Recuperare la condizione di vita "secondo natura" era trasmesso nella teologia patristica greca come un segno dello stato dell'uomo prima del peccato; ed anzi, il consacrarsi a Dio con i voti di povertà, castità e obbedienza, è stato sempre visto nella Chiesa come un pieno sviluppo della vita naturale; la natura umana, però, ferita dal peccato, si reintegra a Dio per mezzo del Verbo incarnato. Il mistero del Natale è la celebrazione del Figlio di natura divina, nato da Maria Vergine secondo natura umana. La nostra condizione umana diviene insomma degno altare dell'Incarnazione, in quanto la natura umana è assunta dal Figlio che s'incarna per compiervi un sacrificio di lode.

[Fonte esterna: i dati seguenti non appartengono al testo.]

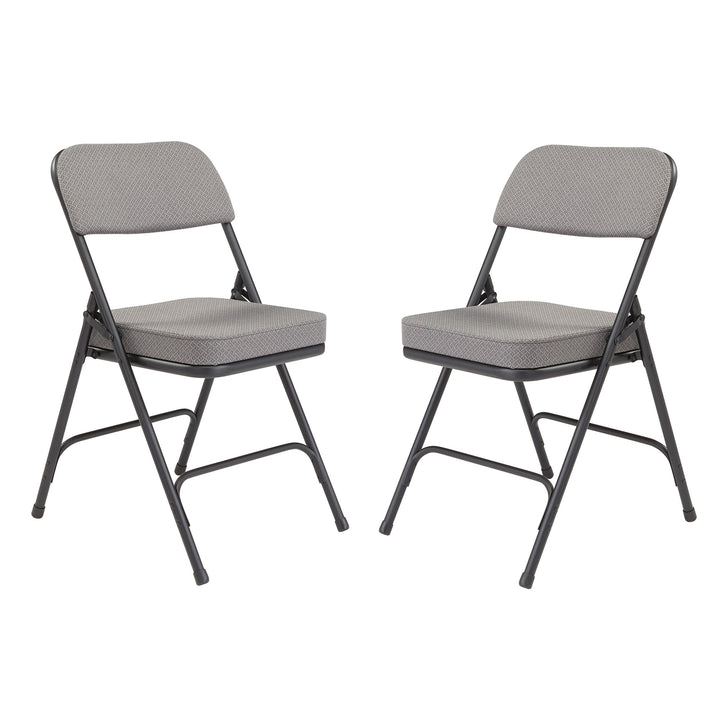 NPS 3200 Series 2" Cusion Fabric Upholstered Folding Chair, Gray, 2pk(Open Box)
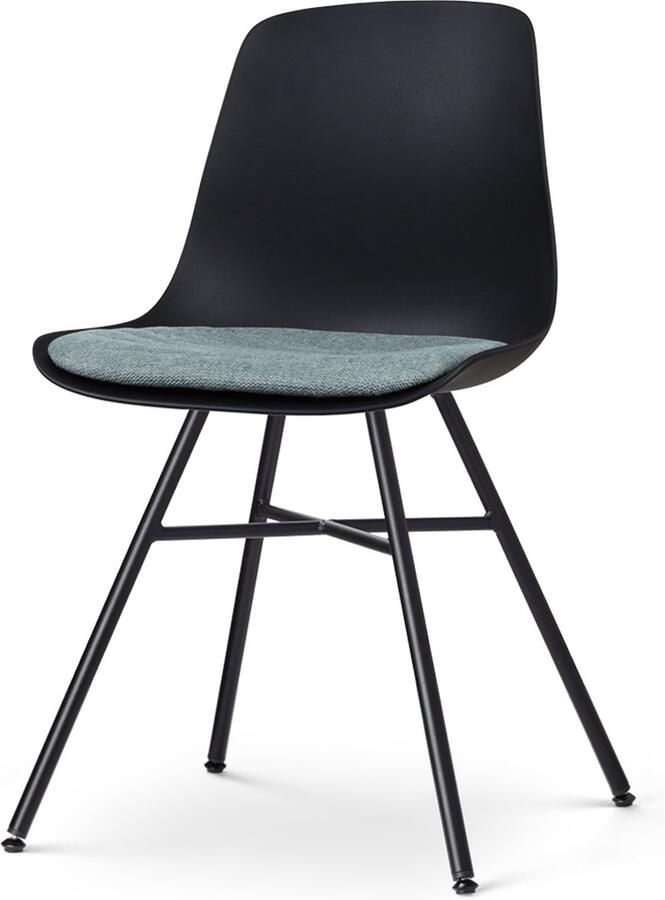 Nolon Noa-Liv Eetkamerstoel Zwart met Zacht Groen Zitkussen Kunststof Zitting Zwart Metalen Onderstel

È un disegno di vita che nella teologia è chiamato reductio ad unum: in altre parole, tutti i misteri della vita di Gesù Cristo riassumono tutti i misteri della vita dell'uomo, tutte le vicende della storia e tutte le aspirazioni dei popoli. Questo concetto non sfuggiva ai primi interpreti della Bibbia; facendo una traduzione più libera, troviamo al passo del salmo 86,11b, nella versione greca di Aquila troviamo ad esempio: "rendi monaco il mio cuore". Con questa traduzione si riprendeva l'insegnamento monastico. A voler seguire il testo ebraico si avrebbe: "rendi raccolto il mio cuore nel timore del tuo nome". È una preghiera rivolta a Dio e il salmo traccia un programma di vita spirituale. Al passo indicato il verbo ebraico è un imperativo piel; può l'uomo ordinare qualcosa a Dio? Più avanti giunge la chiave interpretativa del salmo: "concedi forza al tuo servo e salva il figlio della tua ancella" (v. 16).
È un passaggio che impegna a riconoscere il mirabile mistero nel quale il Verbo divino accetta la condizione di divenire servo dell'umanità e per compiere tale missione ricevuta dal Padre si consegna in Spirito Santo ad una creatura, la più eccelsa, "umile e alta, più che creatura" - (Dante Alighieri). Maria Vergine è dunque l'ancella che concorre alla salvezza del mondo per la ragione di essere Madre di Gesù redentore.
La vita di Antonio abate fu sotto il segno del Verbo incarnato; l'austero monaco del deserto, come testimonia sant'Atanasio, invitava ad abbandonarsi con serena fiducia al crocifisso per vincere le insidie del demonio e a trepidare di premurosa esultanza per trasmettere l'annunzio del Signore risorto. È per questo motivo che Antonio abate (come altri del resto) si spingeva a vivere fin nel deserto, per annunziare anche in un luogo aspro la vittoria del Risorto glorioso.
La tradizione liturgica e monastica, francese in particolare, invita a vedere in Antonio abate non tanto l'eroe solitario, "ammirevole" per virtù di fronte alle tentazioni, ma il mistero "mirabile" del Verbo che incarnandosi ha manifestato nella condizione umana i "mirabilia Dei". Antonio abate non è l'atleta delle tentazioni. La "vita mirabilis" di Antonio è prolungamento dell'Incarnazione del Verbo divino.
Concludiamo con un'altra possibile, e non meno fedele, traduzione di Sal 86,11b: "il cuore si rallegri e tema il tuo nome". Questa esortazione diventi una forma di vita.